> **Instructions for the task**: Each line in the records below that has the word "Monoclonal" should be copied.
Given records Start Marker
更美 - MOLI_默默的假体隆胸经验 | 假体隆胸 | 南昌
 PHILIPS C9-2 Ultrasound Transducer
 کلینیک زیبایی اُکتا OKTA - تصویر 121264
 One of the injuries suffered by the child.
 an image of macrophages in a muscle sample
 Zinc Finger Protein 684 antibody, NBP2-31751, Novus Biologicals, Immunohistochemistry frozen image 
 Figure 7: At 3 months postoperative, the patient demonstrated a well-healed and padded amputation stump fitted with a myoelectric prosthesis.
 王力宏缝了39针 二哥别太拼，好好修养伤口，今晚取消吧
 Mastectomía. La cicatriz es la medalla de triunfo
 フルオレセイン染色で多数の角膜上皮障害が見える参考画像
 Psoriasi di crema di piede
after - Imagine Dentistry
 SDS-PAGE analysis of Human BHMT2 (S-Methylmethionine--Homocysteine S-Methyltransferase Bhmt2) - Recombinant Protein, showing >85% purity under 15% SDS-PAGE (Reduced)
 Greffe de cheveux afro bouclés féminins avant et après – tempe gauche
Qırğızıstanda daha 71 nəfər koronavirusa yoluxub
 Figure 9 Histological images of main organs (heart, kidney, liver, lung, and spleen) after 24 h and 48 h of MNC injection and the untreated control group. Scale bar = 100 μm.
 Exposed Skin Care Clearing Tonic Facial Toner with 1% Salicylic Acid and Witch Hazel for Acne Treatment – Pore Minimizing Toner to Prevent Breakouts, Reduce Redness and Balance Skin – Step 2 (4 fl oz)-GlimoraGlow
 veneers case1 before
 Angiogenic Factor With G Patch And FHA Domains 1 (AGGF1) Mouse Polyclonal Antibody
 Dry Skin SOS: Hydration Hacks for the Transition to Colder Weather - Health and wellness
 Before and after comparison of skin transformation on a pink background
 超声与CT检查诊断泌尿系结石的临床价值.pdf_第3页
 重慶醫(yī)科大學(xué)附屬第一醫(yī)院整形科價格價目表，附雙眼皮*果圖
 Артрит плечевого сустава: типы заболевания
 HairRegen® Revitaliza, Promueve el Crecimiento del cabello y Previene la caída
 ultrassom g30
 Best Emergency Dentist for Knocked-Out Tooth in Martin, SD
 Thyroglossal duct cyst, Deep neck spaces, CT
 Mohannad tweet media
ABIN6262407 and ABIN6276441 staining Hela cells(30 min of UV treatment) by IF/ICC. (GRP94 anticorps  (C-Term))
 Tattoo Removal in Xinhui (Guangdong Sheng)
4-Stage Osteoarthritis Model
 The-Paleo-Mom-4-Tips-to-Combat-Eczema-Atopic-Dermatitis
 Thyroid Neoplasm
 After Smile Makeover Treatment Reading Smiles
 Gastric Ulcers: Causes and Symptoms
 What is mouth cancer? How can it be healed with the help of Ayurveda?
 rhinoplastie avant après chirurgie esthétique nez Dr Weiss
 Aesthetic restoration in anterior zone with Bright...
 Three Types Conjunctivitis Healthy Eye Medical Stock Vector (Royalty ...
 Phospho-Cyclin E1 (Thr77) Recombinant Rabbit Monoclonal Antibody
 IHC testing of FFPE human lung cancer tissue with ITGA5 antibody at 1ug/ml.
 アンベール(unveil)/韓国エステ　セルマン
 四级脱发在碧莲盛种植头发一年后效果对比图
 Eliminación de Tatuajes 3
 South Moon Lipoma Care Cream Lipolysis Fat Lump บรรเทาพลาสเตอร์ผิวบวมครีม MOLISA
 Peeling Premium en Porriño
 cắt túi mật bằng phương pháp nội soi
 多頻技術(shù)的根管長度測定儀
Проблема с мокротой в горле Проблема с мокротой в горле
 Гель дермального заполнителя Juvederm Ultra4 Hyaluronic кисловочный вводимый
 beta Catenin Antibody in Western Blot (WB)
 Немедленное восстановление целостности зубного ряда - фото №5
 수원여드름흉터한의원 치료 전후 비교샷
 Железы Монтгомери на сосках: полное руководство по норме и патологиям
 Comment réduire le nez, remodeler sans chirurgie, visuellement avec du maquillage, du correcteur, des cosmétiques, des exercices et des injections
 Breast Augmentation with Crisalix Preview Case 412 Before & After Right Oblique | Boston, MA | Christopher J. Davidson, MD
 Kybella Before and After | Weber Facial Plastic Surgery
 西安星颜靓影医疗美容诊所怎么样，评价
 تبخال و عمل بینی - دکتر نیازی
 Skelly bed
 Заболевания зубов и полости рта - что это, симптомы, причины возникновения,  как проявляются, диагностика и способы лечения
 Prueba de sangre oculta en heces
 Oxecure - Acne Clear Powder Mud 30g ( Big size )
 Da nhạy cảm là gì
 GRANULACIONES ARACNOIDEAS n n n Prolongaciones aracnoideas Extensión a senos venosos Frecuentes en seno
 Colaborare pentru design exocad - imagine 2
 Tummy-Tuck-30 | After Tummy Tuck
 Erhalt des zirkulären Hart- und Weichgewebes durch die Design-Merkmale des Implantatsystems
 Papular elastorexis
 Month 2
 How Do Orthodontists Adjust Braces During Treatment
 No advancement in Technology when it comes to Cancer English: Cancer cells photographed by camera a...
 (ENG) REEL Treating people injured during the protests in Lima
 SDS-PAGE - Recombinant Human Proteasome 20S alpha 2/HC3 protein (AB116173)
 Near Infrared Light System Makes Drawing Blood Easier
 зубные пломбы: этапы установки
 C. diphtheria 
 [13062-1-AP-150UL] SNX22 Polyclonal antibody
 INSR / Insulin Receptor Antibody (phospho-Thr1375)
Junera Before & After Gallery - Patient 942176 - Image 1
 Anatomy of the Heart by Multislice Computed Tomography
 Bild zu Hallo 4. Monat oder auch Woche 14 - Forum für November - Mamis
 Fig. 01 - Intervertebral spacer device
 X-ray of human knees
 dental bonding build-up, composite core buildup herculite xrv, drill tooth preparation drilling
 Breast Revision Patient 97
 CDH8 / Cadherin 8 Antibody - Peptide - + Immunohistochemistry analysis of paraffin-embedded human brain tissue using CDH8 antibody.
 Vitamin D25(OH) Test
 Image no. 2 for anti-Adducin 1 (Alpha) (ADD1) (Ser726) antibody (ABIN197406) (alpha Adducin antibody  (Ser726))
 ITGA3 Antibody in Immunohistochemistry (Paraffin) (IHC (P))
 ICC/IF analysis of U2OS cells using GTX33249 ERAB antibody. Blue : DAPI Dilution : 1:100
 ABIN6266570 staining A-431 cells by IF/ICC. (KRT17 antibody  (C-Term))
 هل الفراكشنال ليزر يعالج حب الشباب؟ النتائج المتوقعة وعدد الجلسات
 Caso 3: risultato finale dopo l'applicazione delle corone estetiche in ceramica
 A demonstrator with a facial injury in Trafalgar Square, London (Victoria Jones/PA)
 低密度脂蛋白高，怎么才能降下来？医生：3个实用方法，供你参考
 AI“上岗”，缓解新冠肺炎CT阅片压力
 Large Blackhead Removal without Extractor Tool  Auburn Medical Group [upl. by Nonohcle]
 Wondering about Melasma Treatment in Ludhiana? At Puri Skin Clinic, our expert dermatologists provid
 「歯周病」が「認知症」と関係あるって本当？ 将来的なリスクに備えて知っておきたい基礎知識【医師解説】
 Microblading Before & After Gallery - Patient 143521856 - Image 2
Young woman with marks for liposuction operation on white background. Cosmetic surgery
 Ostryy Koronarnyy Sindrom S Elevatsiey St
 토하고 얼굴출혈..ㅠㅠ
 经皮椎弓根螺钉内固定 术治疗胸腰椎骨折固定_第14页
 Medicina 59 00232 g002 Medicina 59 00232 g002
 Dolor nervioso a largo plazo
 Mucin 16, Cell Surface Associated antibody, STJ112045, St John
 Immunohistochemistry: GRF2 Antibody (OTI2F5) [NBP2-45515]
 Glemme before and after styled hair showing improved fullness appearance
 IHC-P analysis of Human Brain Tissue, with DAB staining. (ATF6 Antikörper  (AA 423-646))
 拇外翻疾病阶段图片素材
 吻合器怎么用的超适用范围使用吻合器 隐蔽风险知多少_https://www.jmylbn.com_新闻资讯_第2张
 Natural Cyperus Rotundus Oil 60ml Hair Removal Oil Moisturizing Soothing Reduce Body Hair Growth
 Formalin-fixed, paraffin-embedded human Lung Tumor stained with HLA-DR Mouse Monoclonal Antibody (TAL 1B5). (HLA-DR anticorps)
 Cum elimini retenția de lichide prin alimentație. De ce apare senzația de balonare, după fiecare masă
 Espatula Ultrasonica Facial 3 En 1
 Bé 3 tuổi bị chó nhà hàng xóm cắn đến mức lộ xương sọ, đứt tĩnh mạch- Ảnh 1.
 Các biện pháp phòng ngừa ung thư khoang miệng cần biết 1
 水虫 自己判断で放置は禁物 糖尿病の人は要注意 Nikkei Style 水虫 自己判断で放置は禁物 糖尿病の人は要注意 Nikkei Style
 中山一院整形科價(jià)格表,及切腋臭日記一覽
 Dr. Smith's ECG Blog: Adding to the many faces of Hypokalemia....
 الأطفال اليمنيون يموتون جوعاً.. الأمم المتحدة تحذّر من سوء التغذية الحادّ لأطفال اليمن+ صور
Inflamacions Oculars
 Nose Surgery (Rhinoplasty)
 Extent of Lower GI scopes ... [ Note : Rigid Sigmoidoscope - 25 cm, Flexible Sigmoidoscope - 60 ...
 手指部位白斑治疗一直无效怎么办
Given records End Marker
> **Result of the exercise**:
 Phospho-Cyclin E1 (Thr77) Recombinant Rabbit Monoclonal Antibody
 Formalin-fixed, paraffin-embedded human Lung Tumor stained with HLA-DR Mouse Monoclonal Antibody (TAL 1B5). (HLA-DR anticorps)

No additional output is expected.